In modo ancor più pregnante, l'ordinanza specifica come il proprium del “superlavoro” sia l'azione non di fattori “esogeni” aventi fonte nell'ambiente lavorativo, bensì di fattori “endogeni” alla prestazione stessa, consistenti nella violazione da parte del datore di lavoro dell'obbligo di garantire che lo svolgimento della prestazione lavorativa non sia fonte di pregiudizi indebiti, ovvero eccedenti la normale usura psico-fisica connaturata all'esecuzione di quella attività.
Come si articola, concretamente, l'obbligo di garanzia datoriale?
In modo duplice: sia con “componenti positive” (cd. obblighi di fare), dovendo il datore positivamente intervenire con forme di prevenzione o impedimento di situazioni dannose, sia attraverso “componenti lato sensu negative” (cd obblighi di non fare), che si sostanziano nell'obbligo per il datore di evitare la richiesta di prestazioni lavorative con modalità improprie.
Ecco il punto in cui l'elegante elaborazione teorica si salda all'effettività della tutela giurisdizionale: nello specifico ambito del “superlavoro”, significa affermare non solo l'obbligo di astensione dal richiedere lo svolgimento della prestazione lavorativa “oltre la normale tollerabilità”, ma anche il dovere positivo di impedire che il lavoratore –anche spontaneamente- esegua il lavoro con modalità nocive per la propria salute.

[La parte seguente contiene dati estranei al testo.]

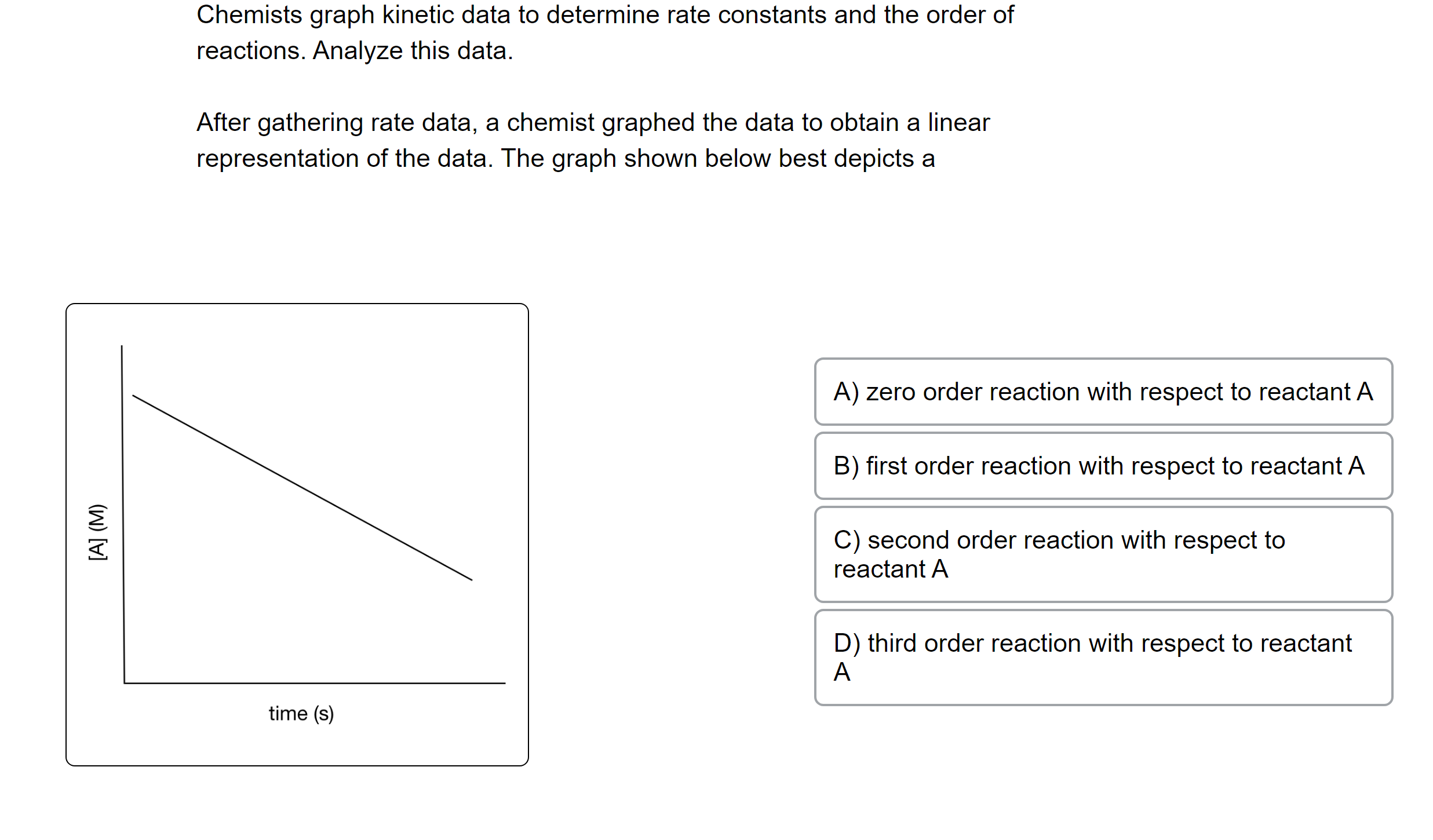 Solved Chemi AnalyzChemists Graph Kinetic Data To Determine | Chegg.com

Si tratta, in quest'ultimo caso, di un'importante dichiarazione contro il principio volenti non fit iniuria, ovvero rispetto a quell'orientamento giurisprudenziale chetende ad escludere la responsabilità datoriale nel caso in cui il superlavoro dipenda dalla spontanea assunzione, da parte del lavoratore, di ritmi di lavoro eccessivi (cfr. Cass., 2 settembre 2015, n. 17438, caso di dipendente il cui superlavoro era stato frutto della spontanea assunzione di oneri e carichi di competenza altrui, integrando in questo modo l'interruzione del nesso eziologico (1).

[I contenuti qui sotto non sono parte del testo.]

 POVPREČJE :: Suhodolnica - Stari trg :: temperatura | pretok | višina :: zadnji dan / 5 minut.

Appare pertanto coerente con questa impostazione teorica il filone giurisprudenziale che, ai fini della sussistenza della responsabilità ex art. 2087 c.c., ha considerato irrilevante l'assenza di doglianze mosse dal lavoratore, così come l'ignoranza delle particolari condizioni in cui erano state prestate le mansioni affidate ai dipendenti, che, salvo prova contraria, si devono presumere come conosciute dal datore di lavoro in quanto espressione ed attuazione concreta dell'assetto organizzativo adottato dall'imprenditore (ex multis, Cass., 27 gennaio 2022, n. 2403, cit.; Cass., 8 giugno 2017, n. 14313, cit.; Cass., 8 maggio 2014, n. 9945, cit.).

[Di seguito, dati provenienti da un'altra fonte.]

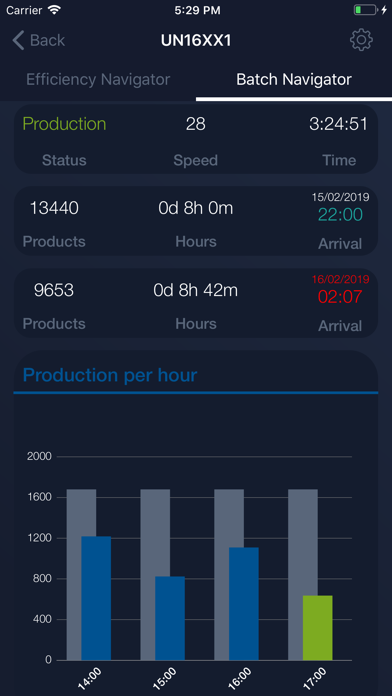 DNA MAP app screenshot 4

Conseguentemente anche il fatto che il lavoratore, per la sua posizione apicale, avesse la possibilità di modulare da un punto di vista organizzativo la propria prestazione, anche in relazione ai carichi di lavoro, alle modalità di fruizione delle ferie e dei riposi, non costituisce comunque fattore di esclusione della responsabilità datoriale, residuando pur sempre in capo al datore di lavoro –come abbiamo visto- un obbligo positivo di vigilanza in ordine al rispetto delle misure atipiche di sicurezza ex art. 2087 c.c. (Cass., 27 gennaio 2022, n. 2403, cit., caso relativo al superlavoro di un dirigente, con nota di Capurro, Recenti arresti di giurisprudenza sul dialogo tra libertà e diritti, nel rapporto di lavoro dirigenziale, in Labor Rivista, 4 giugno 2022).